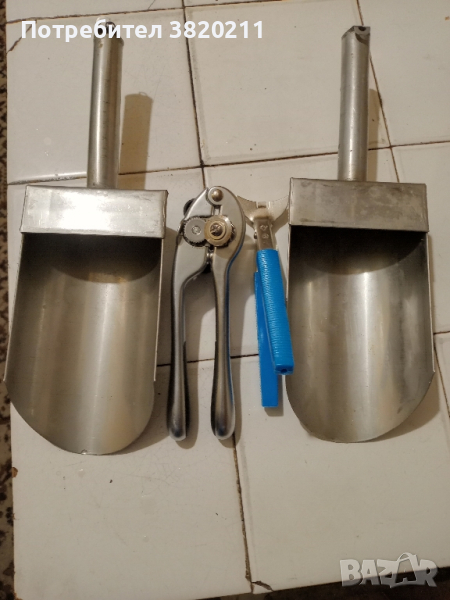 Продавам деве лопатки от хром никел и две отварачки., снимка 1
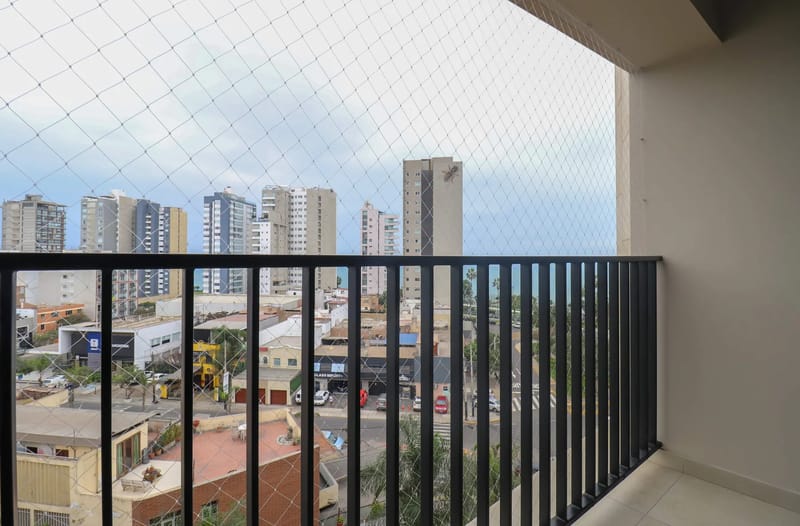Scenic 2BR w/ Balcony & View in Miraflores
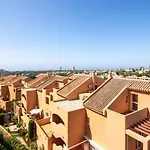 Apartamento Awesome In Elviria With Wifi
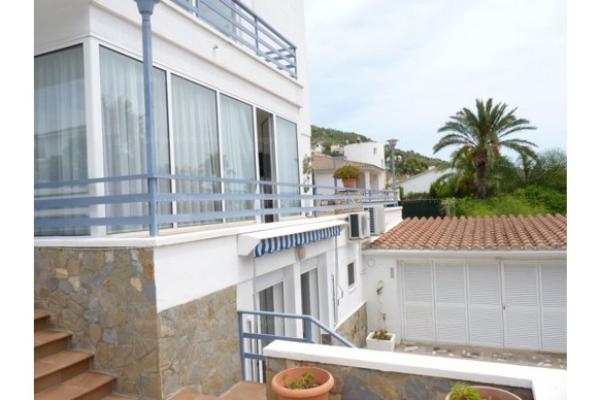 #16041 - Villa Matteo | Holiday Rentals | Hello Homes Sitges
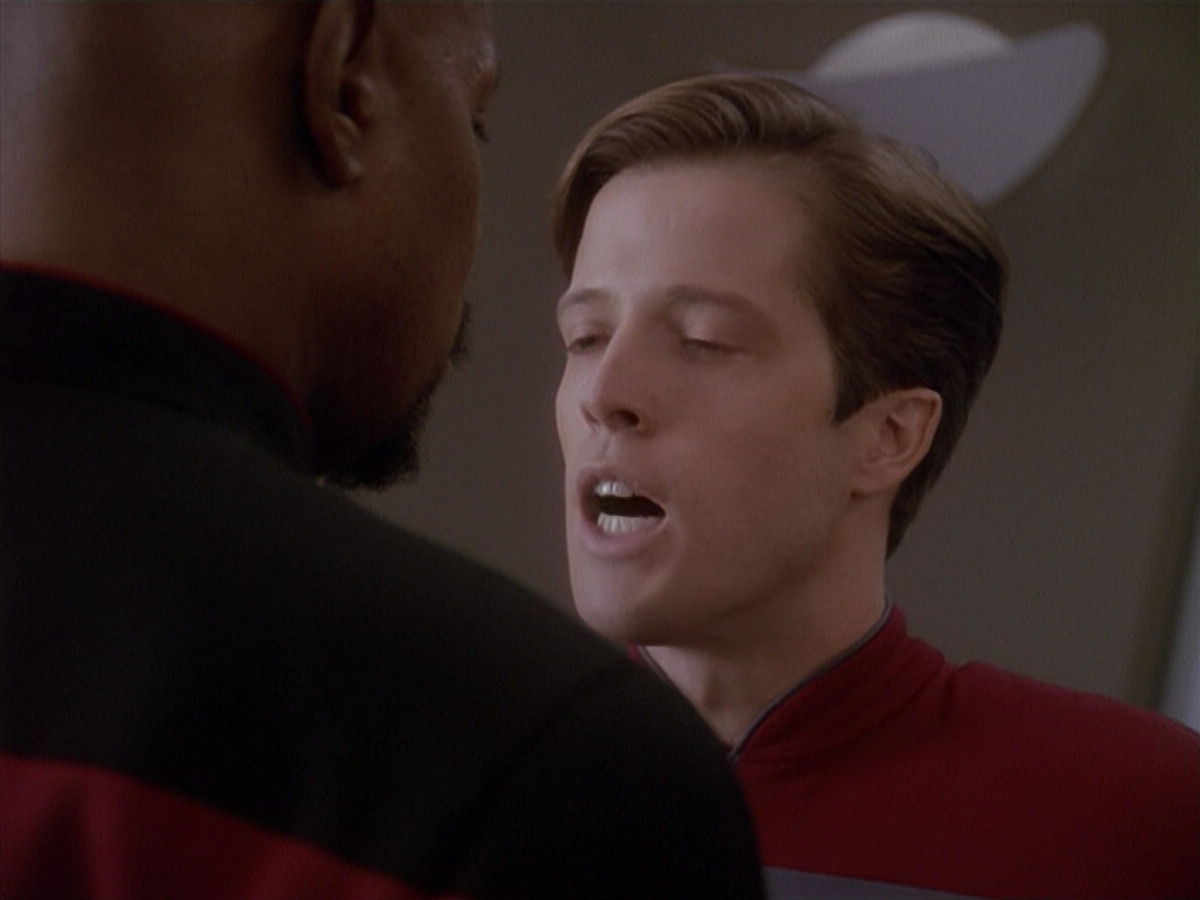 extant_StarTrek_DS9_4x12-ParadiseLost_00902.jpg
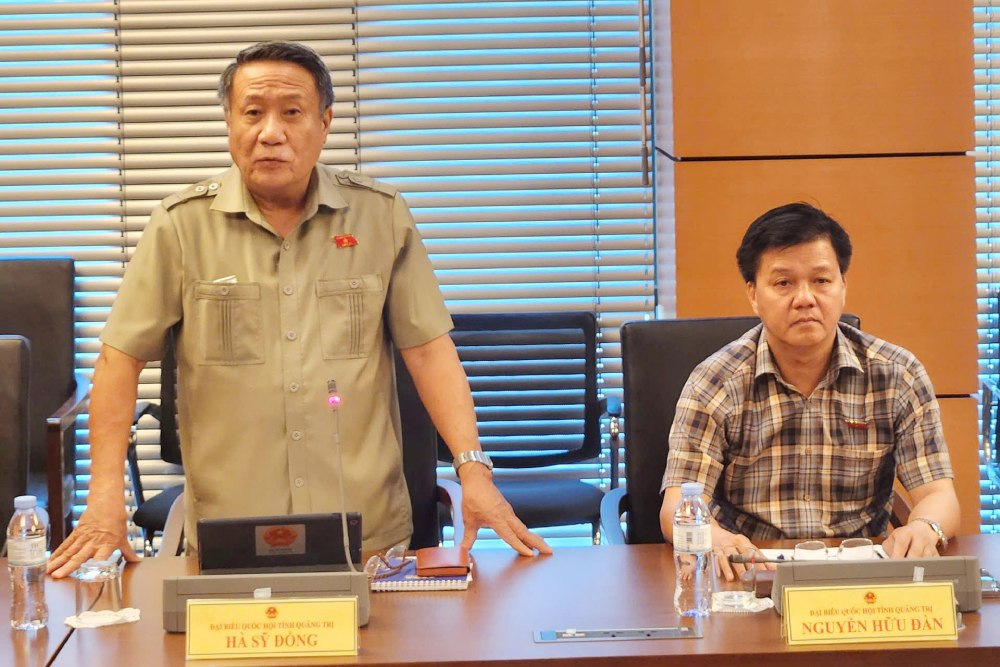 Vàng ngày càng bấp bênh, có người lỗ hàng trăm triệu chỉ trong vài ngày- Ảnh 1. Vàng ngày càng bấp bênh, có người lỗ hàng trăm triệu chỉ trong vài ngày- Ảnh 1.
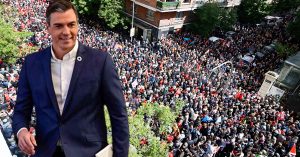 西班牙首相因妻涉贪考虑辞职 万名支持者上街吁留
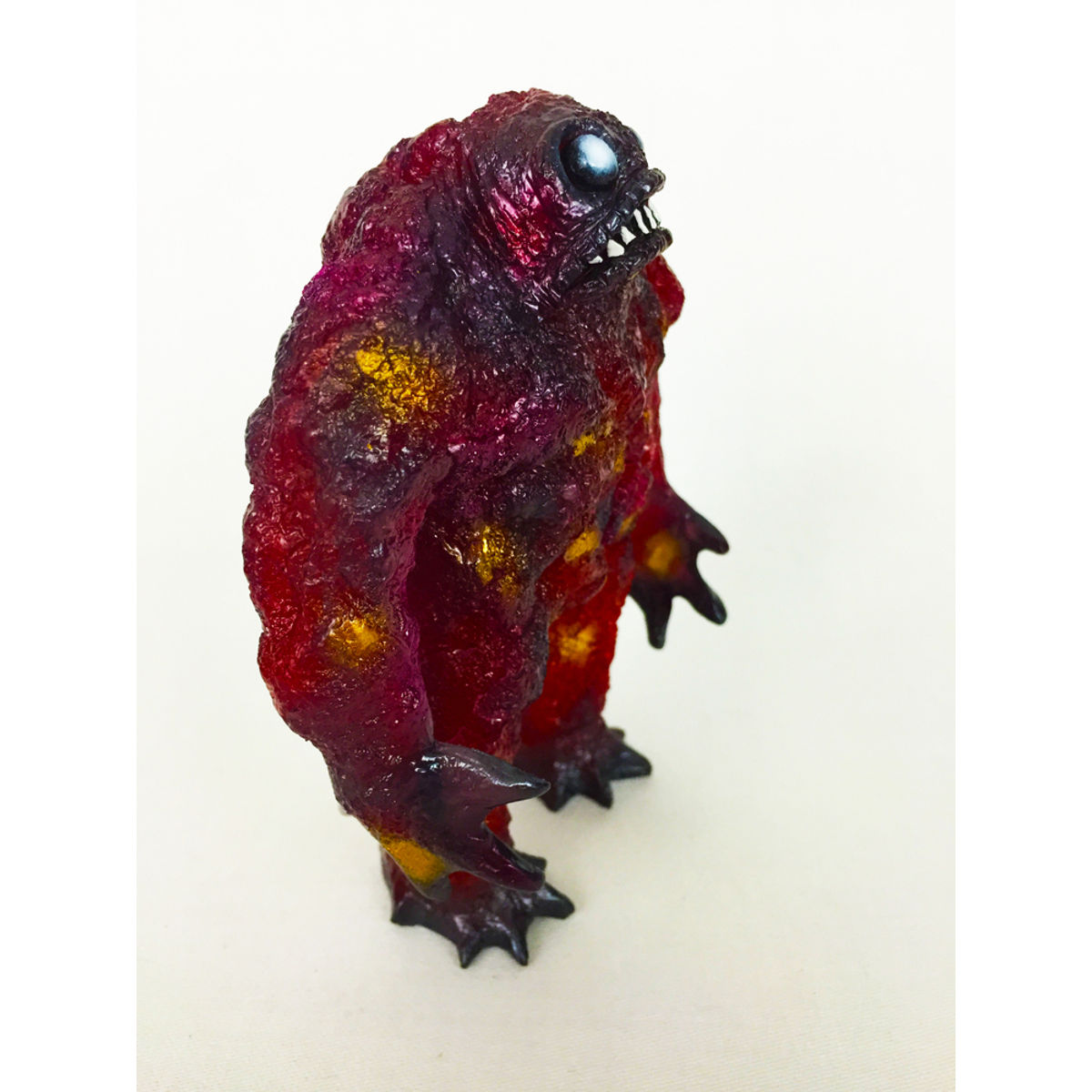 Kaiju Rhaal (metallic red)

☆ ☆ ☆ ☆ ☆

### [Task statement]
Only the pictures are to be left out; copy all the remaining material above exactly.

### [Solution to this task]
 Продавам деве лопатки от хром никел и две отварачки., снимка 1
Scenic 2BR w/ Balcony & View in Miraflores
 Apartamento Awesome In Elviria With Wifi
 #16041 - Villa Matteo | Holiday Rentals | Hello Homes Sitges
 extant_StarTrek_DS9_4x12-ParadiseLost_00902.jpg
 Vàng ngày càng bấp bênh, có người lỗ hàng trăm triệu chỉ trong vài ngày- Ảnh 1. Vàng ngày càng bấp bênh, có người lỗ hàng trăm triệu chỉ trong vài ngày- Ảnh 1.
 西班牙首相因妻涉贪考虑辞职 万名支持者上街吁留
 Kaiju Rhaal (metallic red)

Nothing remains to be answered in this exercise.